- _The data_:
* * * * * * *

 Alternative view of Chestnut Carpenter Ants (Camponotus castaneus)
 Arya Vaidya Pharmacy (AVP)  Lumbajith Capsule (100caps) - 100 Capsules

* * * * * * *

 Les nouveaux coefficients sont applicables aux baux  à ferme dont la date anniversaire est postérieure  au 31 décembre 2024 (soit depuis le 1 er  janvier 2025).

* * * * * * *

- _Work instruction_:
Only one stretch of the data above is needed. Restate it word for word, from the line containing "Alternative view of" through the line containing "Arya Vaidya Pharmacy", both ends included.

- _Answer to the problem_:
 Alternative view of Chestnut Carpenter Ants (Camponotus castaneus)
 Arya Vaidya Pharmacy (AVP)  Lumbajith Capsule (100caps) - 100 Capsules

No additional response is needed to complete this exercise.